Ex-lottery executive accused of groping
Wednesday, May 31, 2006 posted 11:01 AM EDT
The staff had just launched a huge project and it was time to celebrate: A shindig at the Maxwell House hotel.
There was fun. There was drinking. There was dancing. But some of the female workers complained that things went too far.
A male executive "grabbed me on my butt," one woman later reported. "It was long enough to know his hand was there. Immediately pushed him away and moved."
The scene was the launch party of the Tennessee Lottery in January 2004.
The male exec accused of inappropriate behavior was Steve Adams, then the lottery's chief administrative officer and former state treasurer for more than a dozen years.
Details of the allegations against Adams — four harassment complaints at three lottery-related functions — were made public Tuesday, a year after Gov. Phil Bredesen said a sexual harassment problem exists in state government, and nine months after the governor outlined new policies to deal with harassment complaints.
Adams was fired from his $180,000-a-year lottery position in January of this year after being accused of sexual harassment.
However, documents including the lottery's internal investigation in his case were kept under wraps until a judge ruled that the lottery could not keep them secret.
After the documents were released Tuesday, Adams said that he had a couple of drinks at the social events but was not drunk.
"I don't think there is one valid complaint of workplace harassment contained in the entire report," he told The Tennessean.

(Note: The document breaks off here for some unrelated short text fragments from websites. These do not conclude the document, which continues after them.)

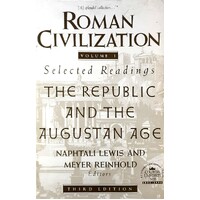 Roman Civilization. Selected Readings. The Republic And The Augustan Age, Volume 1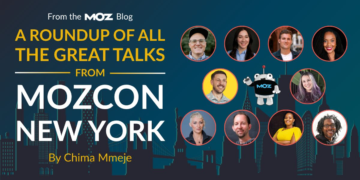 A Spherical-up of All of the Nice Talks From MozCon New York 2025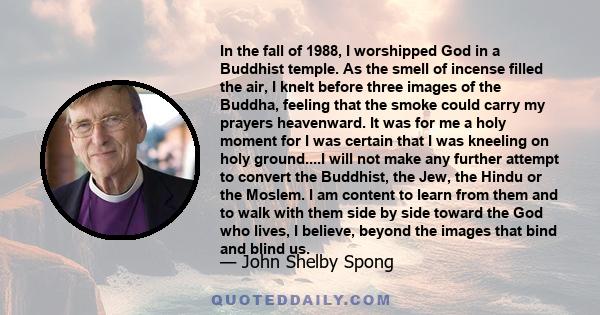 In the fall of 1988, I worshipped God in a Buddhist temple. As the smell of incense filled the air, I knelt before three images of the Buddha, feeling that the smoke could carry my prayers heavenward. It was for me a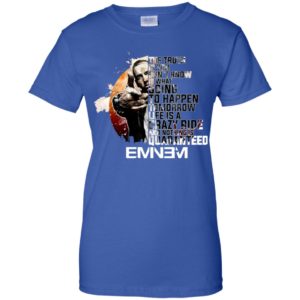 EMINEM The truth is you don't know what is going to happen tomorrow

Adams admitted having had too much to drink at two of the events and was described by partygoers at the other event as intoxicated, the file showed.
At the launch party, witnesses said he was pushy about dancing with co-workers when they didn't want to, asking one reluctant partner, "You didn't think an old man could groove like this, did you?"
The former state treasurer, 55, was counseled after each incident, but no formal investigation was started until the third complaint, nearly two years after the first allegation, according to the lottery report .
Adams told internal investigators that he had no recollection of the behavior ascribed to him at two of the events. He had a different recollection about the third, according to the investigative report.
"The common factor in all of these situations is the amount of alcohol consumed by Steve and then the question is how much that plays into Steve's conduct and behavior in social settings," the investigation summary showed.
In his comments to the newspaper Tuesday, Adams pointed to one complaint by a woman employee of a lottery contractor, who "goes out of her way to comment that there was no inappropriate physical contact."
The woman had told investigators that Adams held her close while dancing but added, "At no time did Steve do anything sexual in nature, nor touch me inappropriately." This took place at a party at a lottery convention in Minneapolis in September 2005.
The Tennessean does not identify victims of sexual harassment without their consent.
Another woman, involved in a separate complaint, said she did not feel sexually harassed.
"I never complained about sexual harassment," the lottery employee said in an interview Tuesday with The Tennessean. "I was not the one who said, 'Steve Adams did this.' It was second-hand information they got. I never went forward, and I did not view it that way."
In that case, investigators said Adams asked the female lottery employee to take a cruise with him but not to tell anyone because he was married.
Adams said that conversation progressed differently and that "it was not his intent to ask her about going on a cruise with him," the report showed.
Instead, he was suggesting to the woman that she go on a singles cruise to meet people.
Adams' termination was recommended based on the totality of all the complaints, lottery CEO Rebecca Paul said.
"What was real important to us was to protect the rights of all parties from the very beginning," Paul said Tuesday. She sought the advice of internal attorneys, lawyers with the state Attorney General's office and with a private law firm that specializes in workplace issues, she said.
The lottery argued in court that the documents in Adams' case were protected by attorney-client privilege.
The investigation file was made public after online newspaper NashvillePost.com sued in Davidson County Chancery Court. The lottery last week declined to appeal the chancellor's ruling that the file should be made public.
In her ruling, Chancellor Carol McCoy said Adams was not given due process during the investigation that led to his firing.
Adams has also said he did not believe his termination was justified, and joined with NashvillePost.com in pressing for the investigation to be made public.
The first complaints about bad behavior by Adams were lodged shortly after he was lured by the lottery away from his job as state treasurer, a post he held 17 years.
Two women said Adams behaved badly during the launch party at the Maxwell House, including one woman who said Adams grabbed her buttocks and another who he persistently asked to dance, the documents say.
Adams complained that memos written in the file could have been written after the fact and post-dated to build a case against him. He also said that he was not reprimanded, nor told another complaint would cost him his job, as was described by Paul in one such memo.